Poor people skills result in conflict, negativity, indecision, anger, anxiety, and communication shutdowns.
Good people skills increase confidence, productivity, motivation, happiness, creativity, and peace.
What a difference people skills can make in our world.
  • Implementing people skills in your life is pretty easy, if you understand the basic premise.
    Treat people in a way that you would like to be treated.
  • The best all-around response to strengthen relationships. "Tell me more about that."
  • Compromise. Even if you don't get everything you want, settle for an improvement on the status quo.
  • Have something meaningful to say. Speak with clarity and intelligence.
  • Humans must feel heard before they'll listen. Remain open to the ideas of others.
  • If you don't have anything nice to say, don't say it at all. Nobody wins from negative comments.
  • A disagreeable nature - the need to argue about anything - surrounds issues with illogical garbage,
    so that no one can think clearly.
  • Angry behavior (yelling, slamming doors, huffing) distributes stress to everyone in the area, and causes people to shut down. Energy that could solve the problem is wasted.
  • Scolding, shaming, and threatening do not work.
    While they may produce temporary results, eventually people will fulfill your low opinion of them.
  • Steps to responding to criticism: acknowledge you understand it, ask for more information, express what you agree with (apologize if necessary), and offer a plan to change the situation.
  • People are attracted to those who give them the three basic needs they hunger for - acceptance, approval and appreciation.
  • Remember the psychological law that makes human beings mimic you.
    Adopt the attitude and action you want the other fellow to express.
  • People "love" you because they love the way you make them feel. Your interest in them generates feelings of camaraderie.
  • People may not remember what you said, but they will always remember how you made them feel.

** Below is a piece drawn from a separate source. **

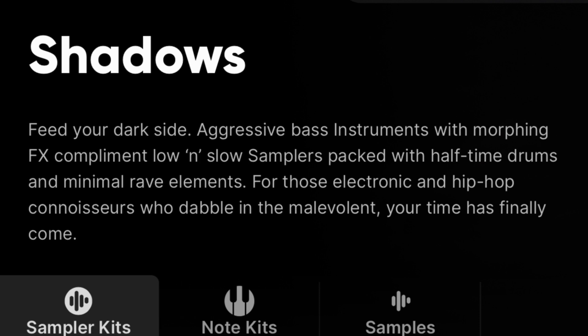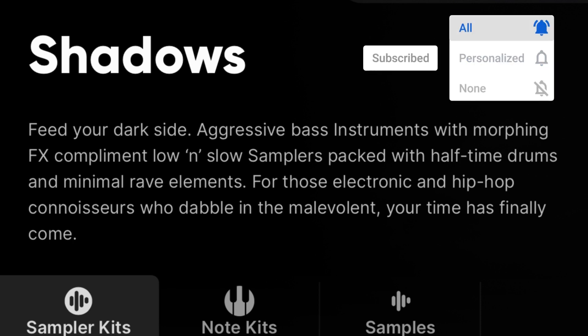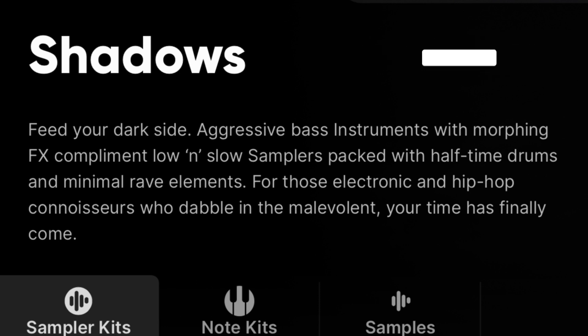Now that we got all that out the way, let's take a look at Shadows. 'Feed your dark side — aggressive bass instruments with morphing effects, compliments low and slow sampler packed with halftime drums and minimal rave elements for those electronic and hip-hop connoisseurs who dabble in the malevolent. Your time has finally come.' And when I tell you this is the best description I can tell you about for Shadows, you're about to see exactly what I'm telling you right here.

SMILE! A sincere smile works a magic spell that rekindles friendship.

Author Unknown

Relationship Revival/Survival Tips

Most of us want to be in love, and to make our loving relationships lasting and fulfilling.
Here are 14 tips developed by the Falls Church, Virginia-based PAIRS Foundation which can help your relationship today,
and everyday. We hope you'll share these tips with your partner.

1. First, foremost and always - Learn to listen. Listen to yourself as well as your partner.

2. Actions speak louder then words. Your non-verbal communication says volumes and could easily be misread.
Be aware of your body language.

3. Test all you assumptions verbally. No matter how "obvious" it is to you and how 'certain' you are of your partner's views,
check it out. Ask and listen for intent.

4. Recognize when your communication is creating more of a problem than the problem itself.

5. Accentuate the positive. Appreciate one thing about the other daily - say so verbally.

6. Keep your partner informed of your concerns - about work, home, family.

7. Don't go to bed angry - talk it out.

8. Monitor a potentially irritating, angry tone of voice that can turn a discussion into an argument.

9. Don't preach or lecture.

10. Use tact and timing. Pick mutually agreeable times to have important conversations.

11. Forgive - don't hold a grudge.

12. Bond - Affection and physical closeness help emotional openness. Hold hands, kiss in public, call at work just to say you love your partner, hug in elevators; sex should never be your only avenue to closeness. Try it.

13. Play - take time to do things you love - together. Give each other a coupon book with 14 items you know your partner likes to do and fill in the dates to do them together.

14. Make time to do all of the above. Time and sharing is life.